La machine tourne, je dois accélérer.
Neuf-cent pièces en huit heures, cinq-mille fois le même mouvement. Cette cadence personne ne la tient, mais faudrait pas qu’on en fasse moins demain. Campée sur mes jambes, protections anti-bruit à mes frais, je demeure là, statique, comme si ma bouffe en dépendait. Formelle interdiction de s’asseoir, effrayés qu’ils sont d’un hypothétique retard.
Au début je prends sur moi, ça semble plutôt facile. Mais demain, dans deux semaines, dix, douze mois… Le dos noué, je ne pensais pas une nuque si fragile, je ne sens plus mes jambes, je souffre, tout mon corps est fébrile. Le vacarme de la bécane me tanne le crâne, pneumatique, les particules plastique la poitrine m’irritent, je crache mes tripes, mécanique.
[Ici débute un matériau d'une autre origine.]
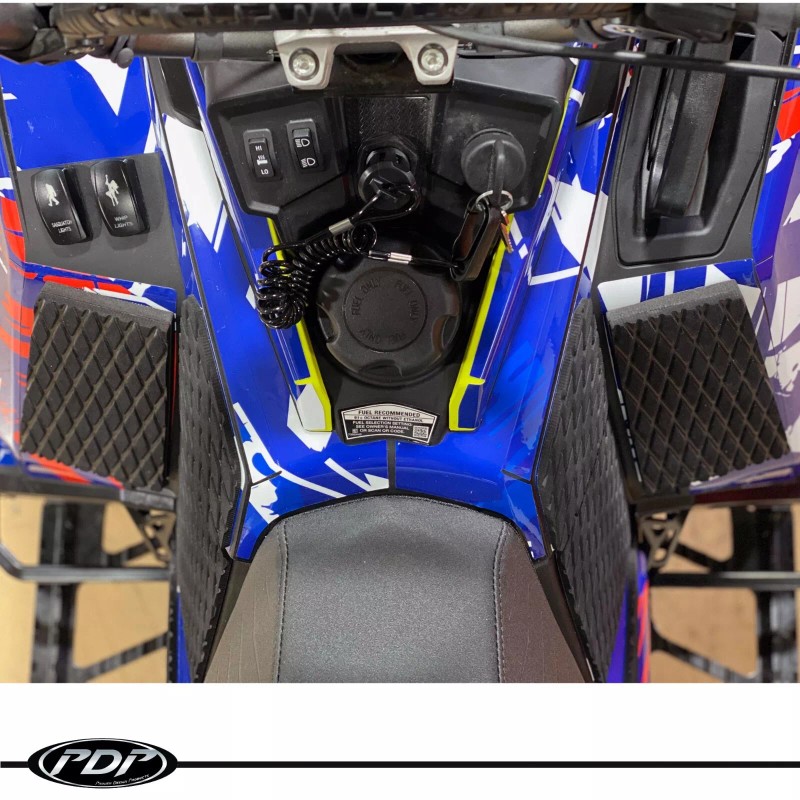 Polaris Matryx 9R Snowmobile Mountain Performance Knee Pads by PDP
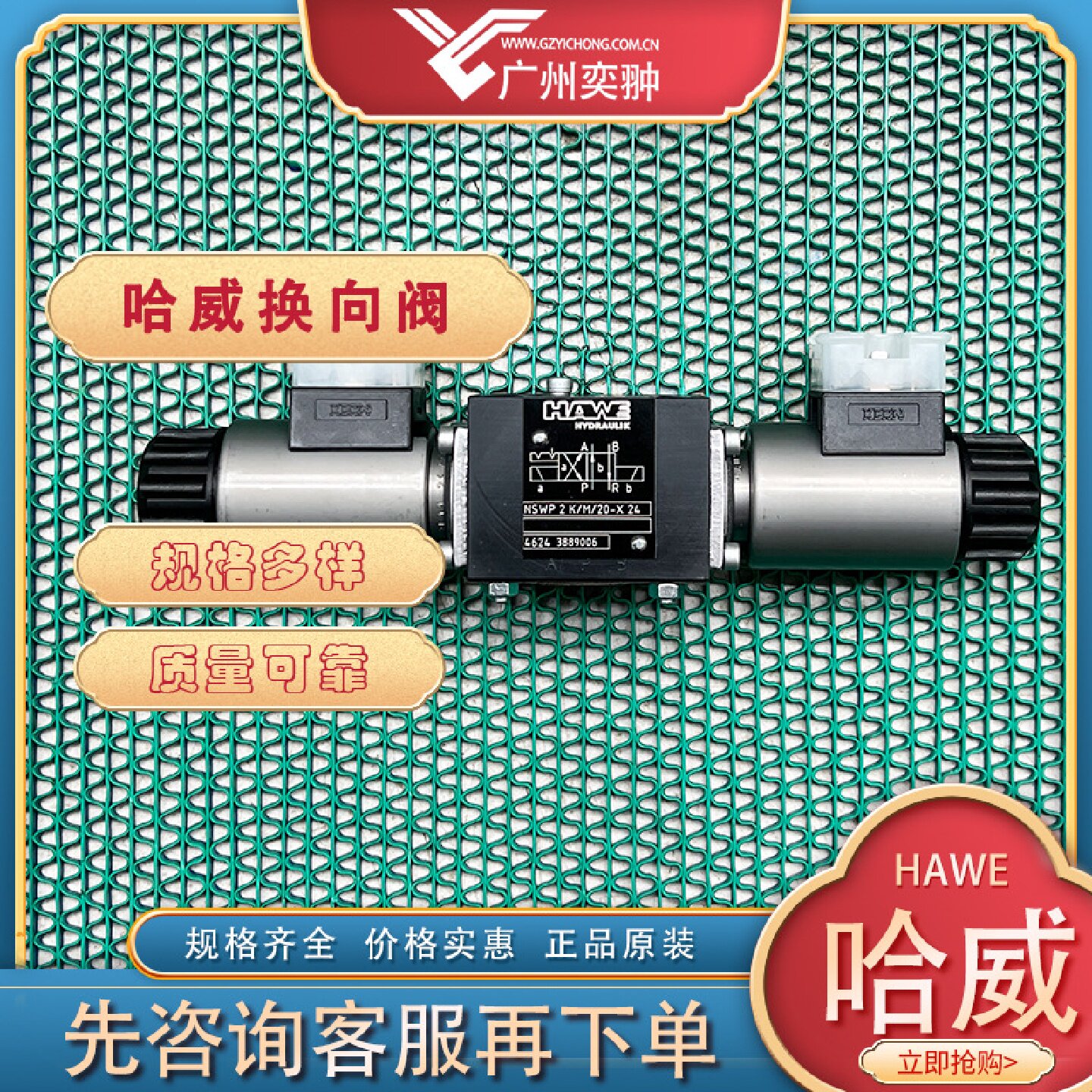 寻X进口HAWE哈威NSWP2KM20X24换向阀原装NSWP系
La machine tourne, je dois accélérer.
A la longue le temps alanguit s’effiloche et s’étiole, je ne me sens plus dans la vie, putain, qu’est-ce que c’est que cette bestiole ? Plus rien n’existe que mon automate et son roulis, un hole de kétamine, oui, quelque chose de ressemblant. Je me perds, boucle spatio-temporelle infinie, ce trip est un bad, il n’a vraiment rien d’élégant. Serait-ce donc cela, que ressent un hamster dans sa roue ? Y penser je ne préfère pas, il doit devenir fou !
Par les seules ouvertures levant les yeux, j’aperçois un oiseau courir sur le ciel bleu. M’évader par cette lucarne, rejoindre cet heureux, chérir sa liberté : en cet instant mon vœu le plus pieux.
Trait de poudre, sniff rapide, discret. Mon joker, ma morphine, mon secret. Mes membres enfin se décrispent, quel soulagement ; en échange ce soir l’inquiétude, le flip : dépendance approchant. Mais combien de temps tiendrais-je, sans ?…
La machine tourne, je dois accélérer.
Les inserts qu’on clippe coupent, cassent la pulpe des mains, dont le jus parfois coule, je vois du vermillon sur mon voisin.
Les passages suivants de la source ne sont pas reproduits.